1. This first appeal under Section 96 of the Code of Civil Procedure (CPC) impugns the judgment and decree dated 5th March, 2005 of the Court of Mr. D.S. Bawa, Additional District Judge (ADJ), Delhi in Suit No.736/01/99 instituted on 5th March, 1991 by the respondent No.1 / plaintiff Mr. Ashok Kumar Arora for specific performance of an agreement to sell dated 16th August, 1997 of immovable property against the respondents No. 2 & 3 Mr. Mukesh Kumar and Mr. Vinod Kumar (defendants no.1&2 in the Suit), by directing the respondent No. 1/ plaintiff to pay the balance consideration within one month to the respondents No. 2 and 3 / defendants no.1 & 2 and by directing the respondents No. 2 and 3/ defendants no.1 & 2 to thereafter execute the sale deed in favour of the 2015:DHC:8979 respondent No. 1/ plaintiff. The appellant was defendant no.3 in the said Suit.

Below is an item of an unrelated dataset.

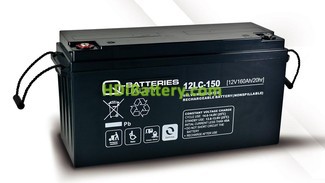 Batera de plomo AGM cclica 12v 160Ah 12LC-150 Q-Batteries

2. Notice of the appeal was issued and vide ad-interim order dated 20th April, 2005 the operation of the impugned judgment and decree was stayed. The appeal, on 19th July, 2006 was admitted for hearing and the earlier adinterim order made absolute subject to the condition that the appellant does not alienate or transfer the property in question or otherwise encumber the same. Vide subsequent order dated 7th May, 2007 the said condition earlier imposed only on the appellant was extended to the respondent No. 2 and 3/ defendants also. The appeal, on 3rd September, 2014 was dismissed in default but on application of the appellant was on 23rd April, 2015 restored to its original position and posted for hearing on 12th August, 2015. On 12th August, 2015 the matter was adjourned to today. The counsel for the appellant has completed his arguments.

3. Mr. Mukesh Kumar, Advocate who has been present since the beginning of the hearing, after the counsel for the appellant has completed his arguments states that Mr. A.K. Gupta, Advocate is the main counsel for the respondent No. 1/ plaintiff and is out of station and seeks adjournment. Once this appeal, which is 10 years old, has been posted for hearing today, the same cannot be adjourned on such frivolous grounds. Moreover, if a request for adjournment was to be made, it ought to have been made before the commencement of hearing. Accordingly, I proceed to adjudicate the appeal after perusing the trial court record.

4. The respondent No. 1 plaintiff instituted the suit from which this appeal arises pleading:

(i) that the respondents No. 2 and 3/ defendants no.1 & 2 had entered into an Agreement to Sell (bayana agreement) with the respondent No. 1/ plaintiff and thereby agreed to sell their property bearing No. H-49, Aruna Nagar, Majnu Ka Tila, Delhi – 110 054 measuring 20 sq. yards to the respondent No. 1/ plaintiff for a total consideration of Rs. 4,00,000/- and against which had received Rs. 50,000/- at the time of signing the balance receipt;

(ii) that the respondent No. 1/ plaintiff at the time of entering into the aforesaid agreement was already in occupation of one shop in the said property at a monthly rent of Rs. 500/- under the appellant / defendant No. 3;

(iii) that the appellant / defendant No. 3 is the widow of Sh. Suresh

Kumar, brother of respondents No. 2 and 3 / defendants no.1 & 2 and the respondents No. 2 and 3 / defendants no.1 & 2 had informed the respondent No. 1/ plaintiff that after the death of their father Sh. Gopi Ram the said property was distributed amongst all the three sons in equal shares;

(iv) that however later on the respondent No. 1/ plaintiff came to know that all the legal heirs of Sh. Gopi Ram are the owners of the suit property and the appellant / defendant No. 3 is also the legal heir of Sh. Gopi Ram as her husband was the son of Sh. Gopi Ram;

(v) that the respondent No. 1 plaintiff learnt so when the appellant / defendant no.3 filed a suit for permanent injunction against the respondent No. 1/ plaintiff as well as the respondents No. 2 and 3;

(vi) that the respondent No. 1/ plaintiff approached “the defendants” on 1st November, 1997 for executing the sale deed in terms of the agreement to sell but the „defendants‟ had expressed their inability;

(vii) that when the repeated efforts of the respondent No. 1/ plaintiff failed, the suit was being filed for specific performance of the Agreement to Sell dated 16th August, 1997 and for possession of the property aforesaid admeasuring 20 sq. yards and for restraining the „defendants‟ from encumbering or parting with the possession of the property.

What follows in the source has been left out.